[Records from a dataset]
§

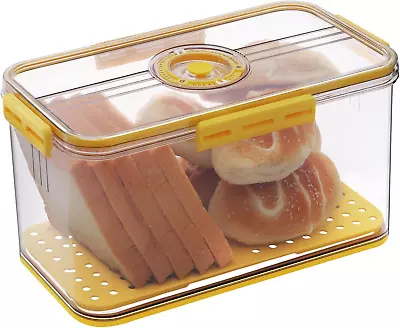 Airtight Bread Boxes For Kitchen Counter Time Recording Container With Lid • $27.94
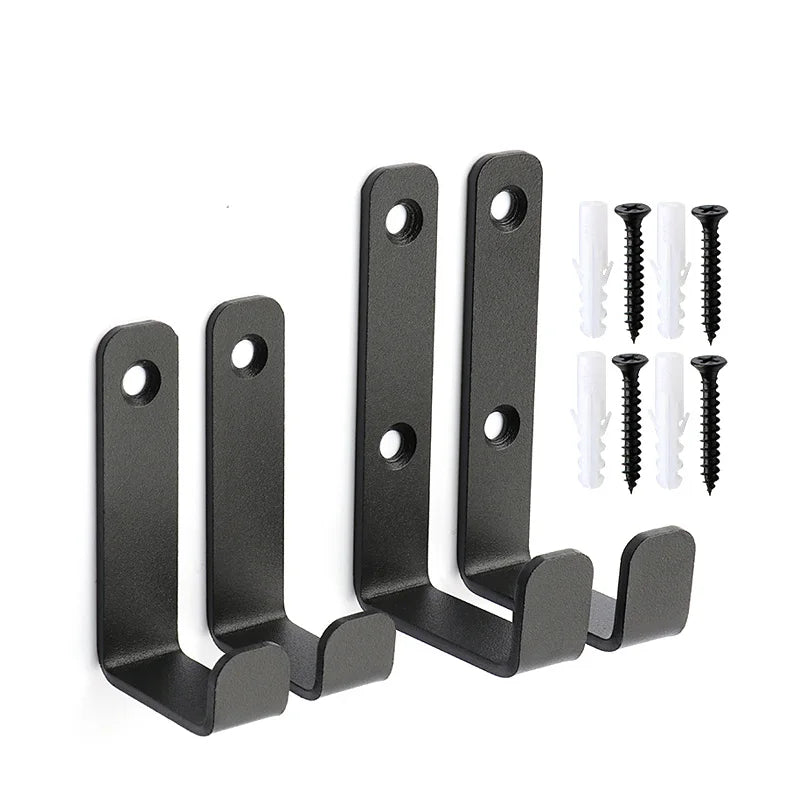 2Pcs Coat Rack Hooks Wall Mounted, Bath Towel Rope Hooks for Kitchen,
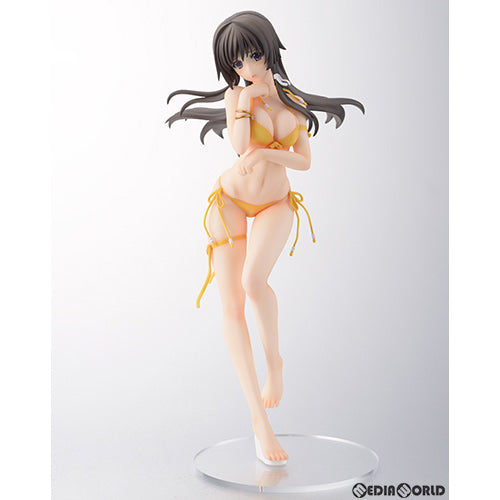 【中古即納】[FIG] 篁唯依(たかむらゆい) 恥じらいの浜辺 マブラヴ オルタネイティヴ トータル・イクリプス 1/7 フィギュア ホビージャパン誌上通販&オンラインショップ限定 ホビージャパン(20130731)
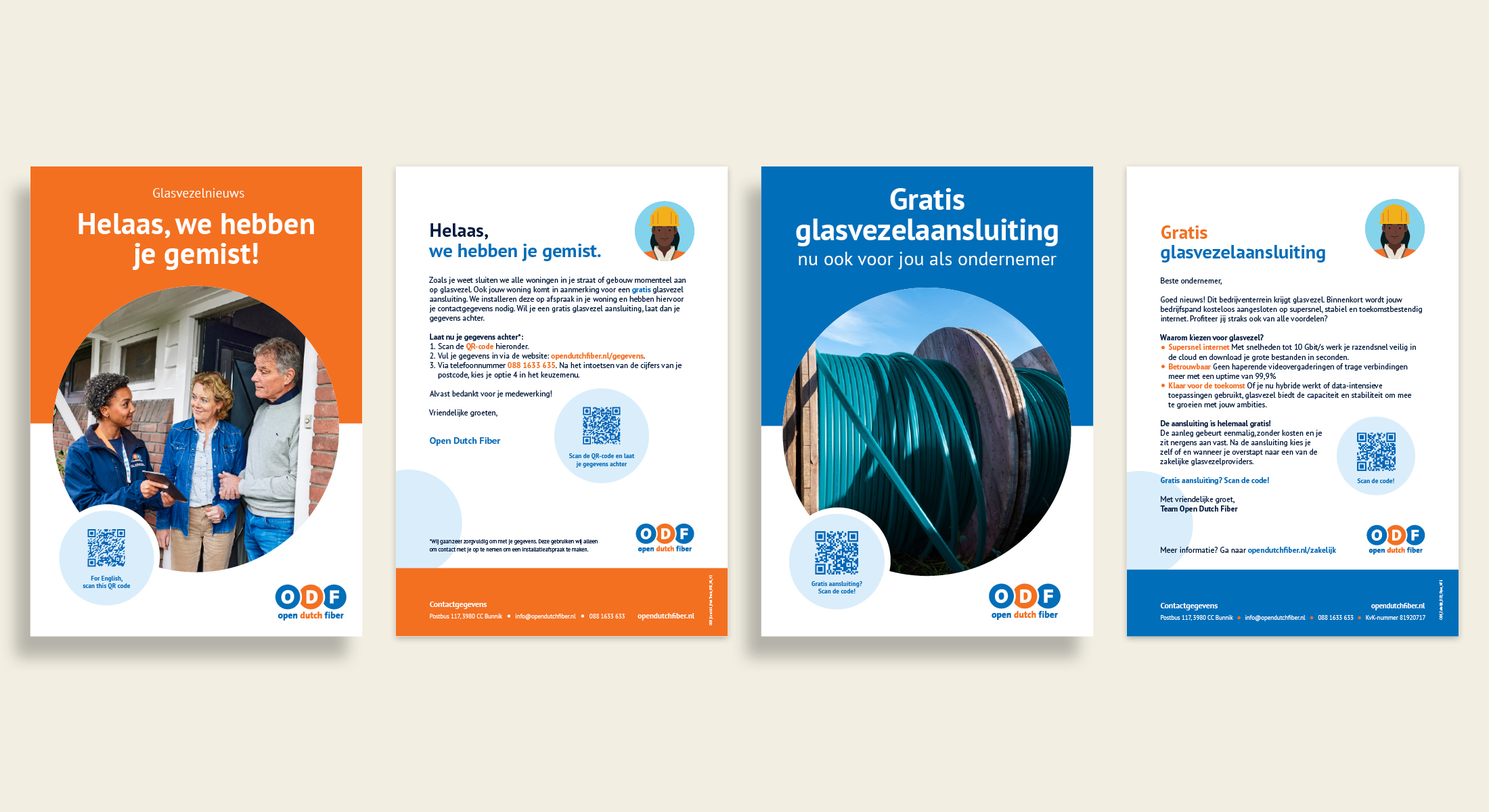 Open Dutch Fiber drukwerk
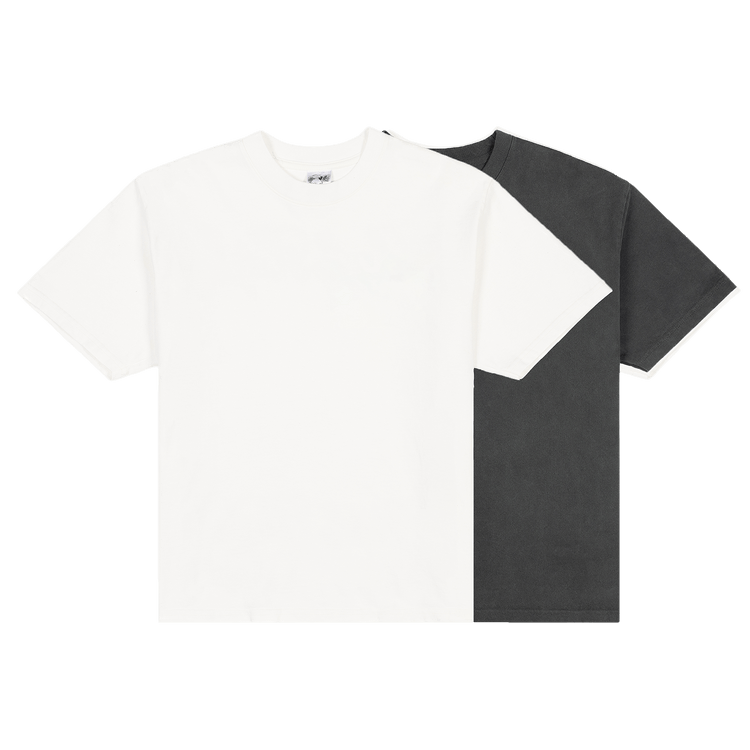 Basketcase Gallery Hench T-Shirt Two Pack "Bone/Vintage Black"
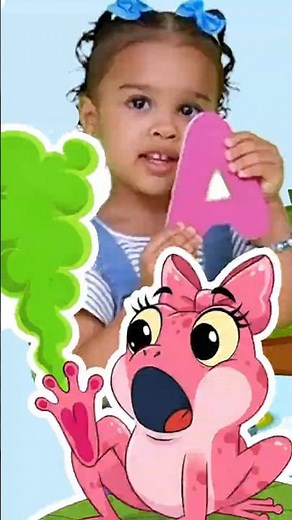 The Vowel A Challenge with the Frog Song Let's Sing! #childrensmusic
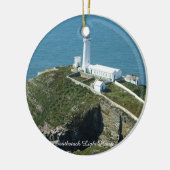 Southstack Light House Wales. Keramisch Ornament (Links)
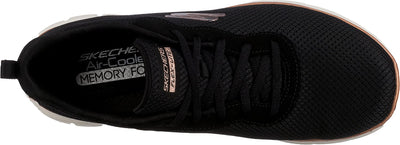 Skechers Women's Flex Appeal 4.0-Brilliant Vie Sneaker, Bkrg=Black Rose Gold, 8.5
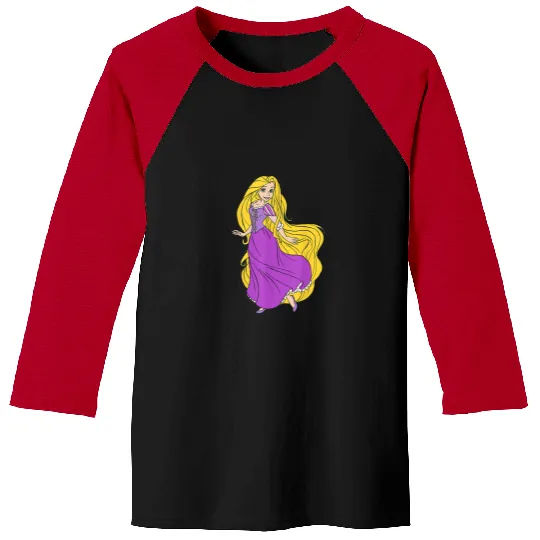 Disney Tangled Princess Rapunzel TShirt Baseball Tees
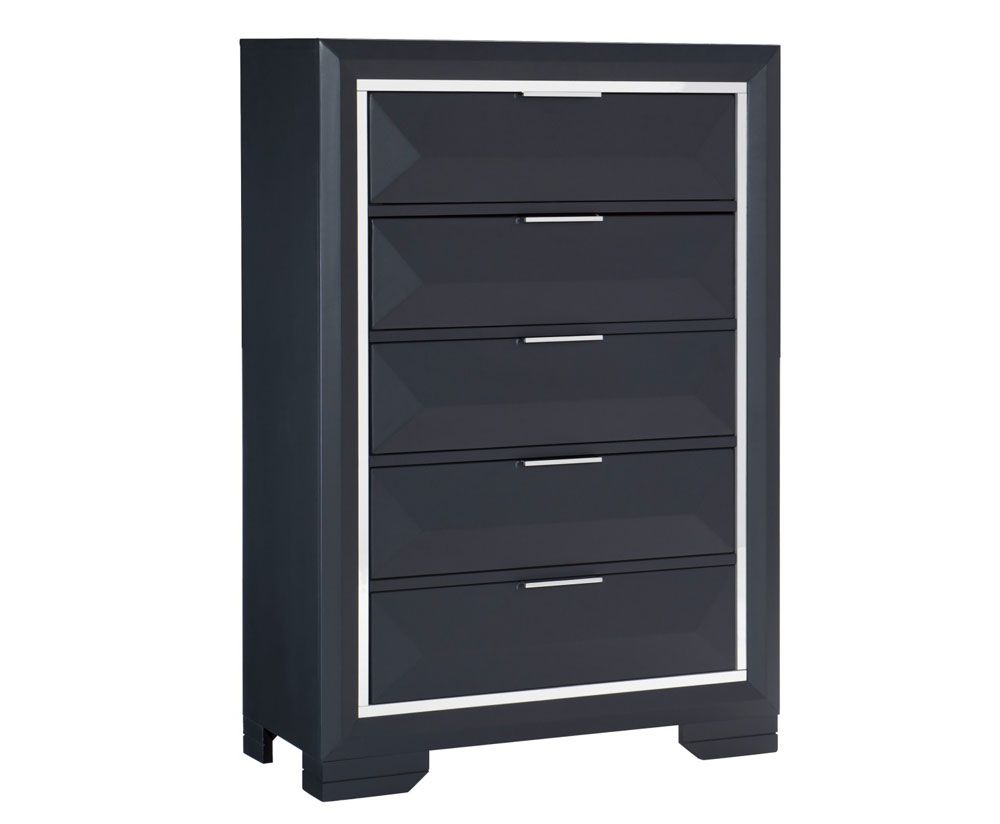 Lorel Chest With Mirror Trim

§

#### Problem:
Only the lines from the one holding "Skechers Women's Flex" through the end of the data are to be printed, exactly as they stand and with no pictures.

#### The completed task:
 Skechers Women's Flex Appeal 4.0-Brilliant Vie Sneaker, Bkrg=Black Rose Gold, 8.5
 Disney Tangled Princess Rapunzel TShirt Baseball Tees
 Lorel Chest With Mirror Trim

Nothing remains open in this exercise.